►

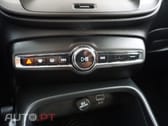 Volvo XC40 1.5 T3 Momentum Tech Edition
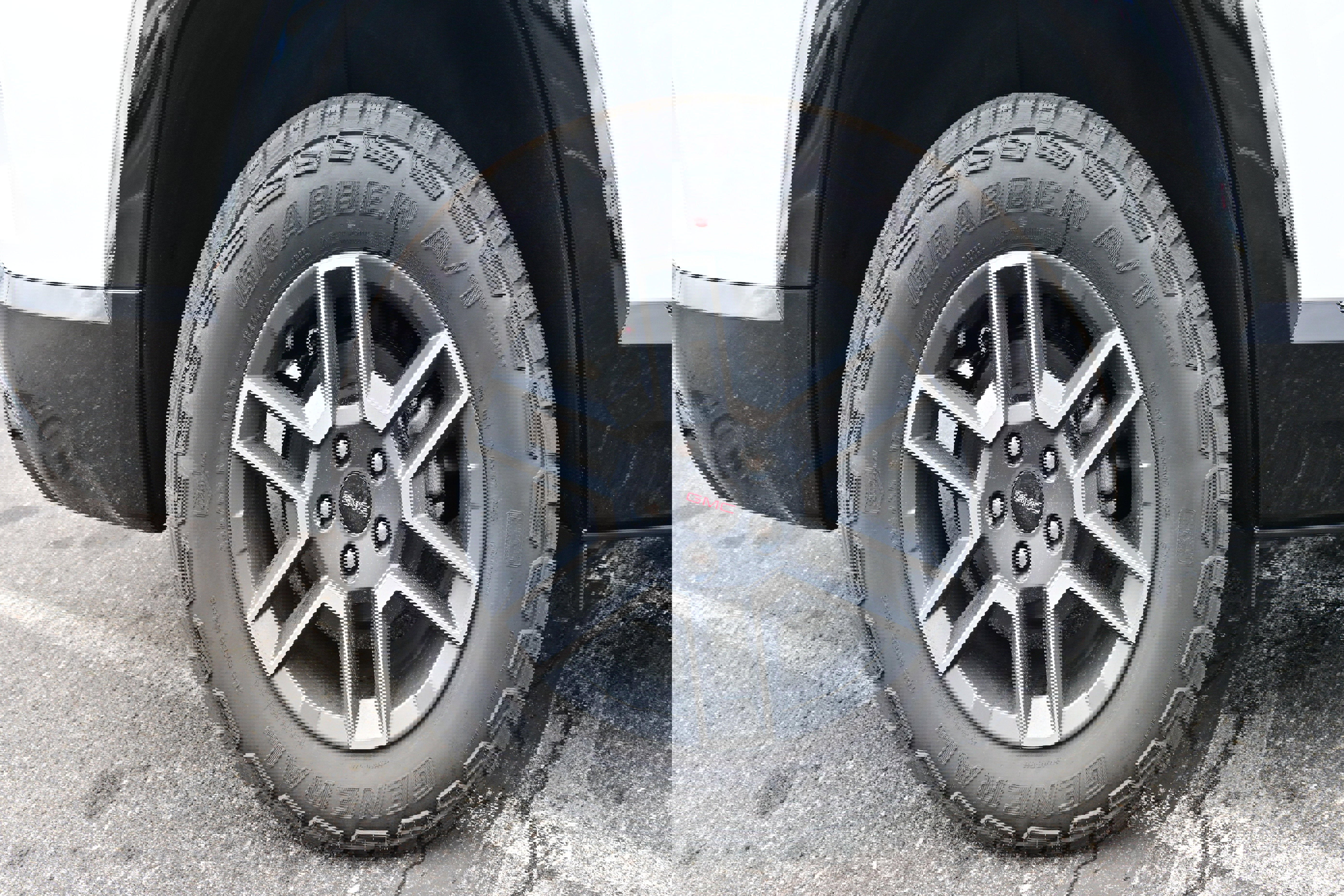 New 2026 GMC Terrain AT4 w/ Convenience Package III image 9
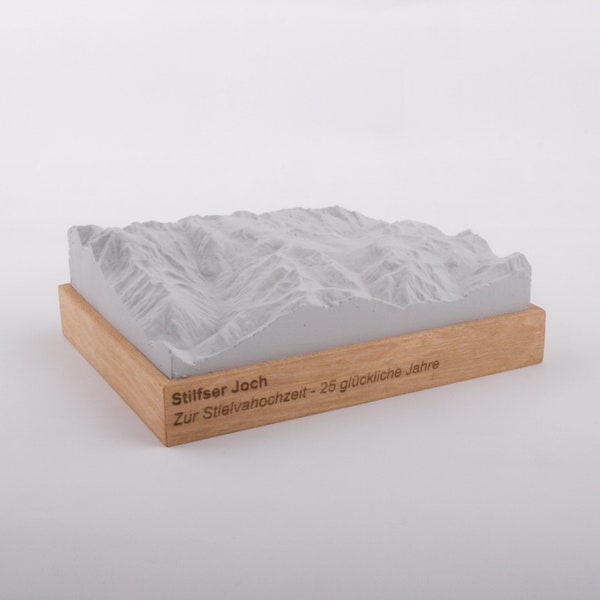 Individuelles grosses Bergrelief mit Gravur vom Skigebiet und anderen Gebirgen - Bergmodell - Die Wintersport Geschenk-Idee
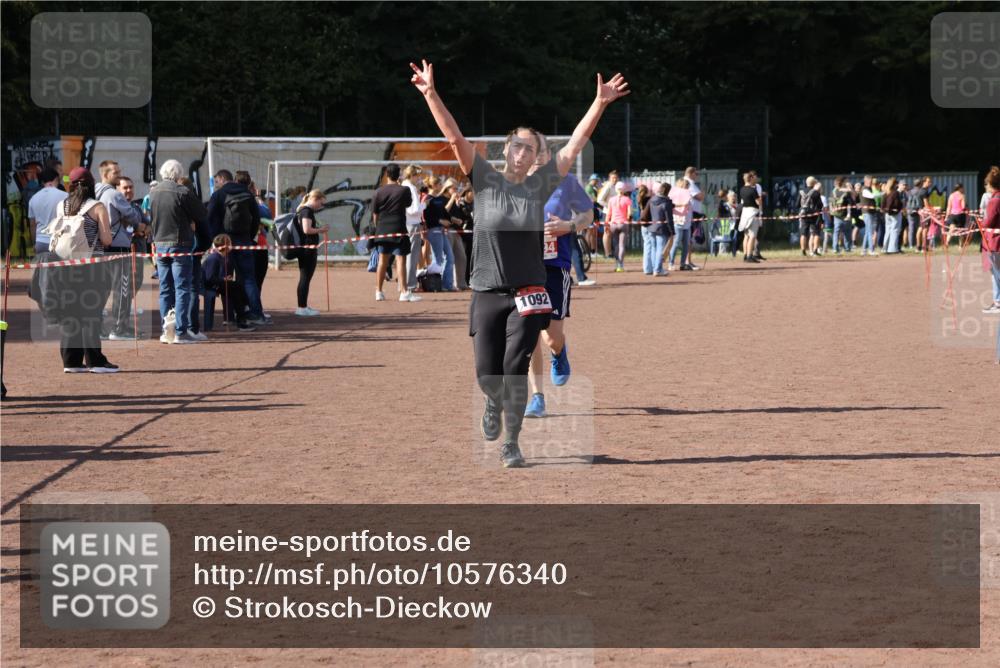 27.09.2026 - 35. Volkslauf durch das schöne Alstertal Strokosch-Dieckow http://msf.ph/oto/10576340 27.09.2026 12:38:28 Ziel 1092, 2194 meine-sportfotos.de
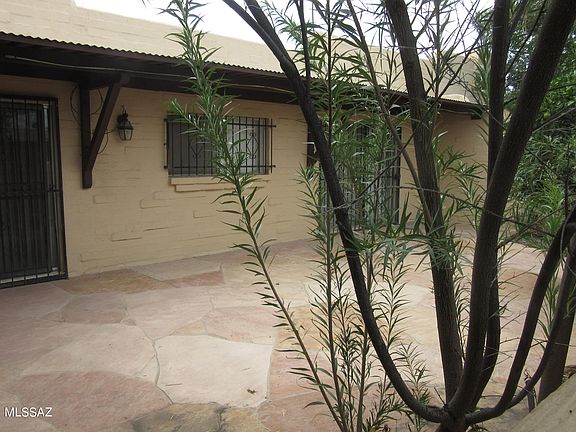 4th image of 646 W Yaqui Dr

◄

Task item → When you reach the line with "27.09.2026 - 35." in the entries above, start copying, and go on word for word to the last line; skip any picture.

Solution →
 27.09.2026 - 35. Volkslauf durch das schöne Alstertal Strokosch-Dieckow http://msf.ph/oto/10576340 27.09.2026 12:38:28 Ziel 1092, 2194 meine-sportfotos.de
 4th image of 646 W Yaqui Dr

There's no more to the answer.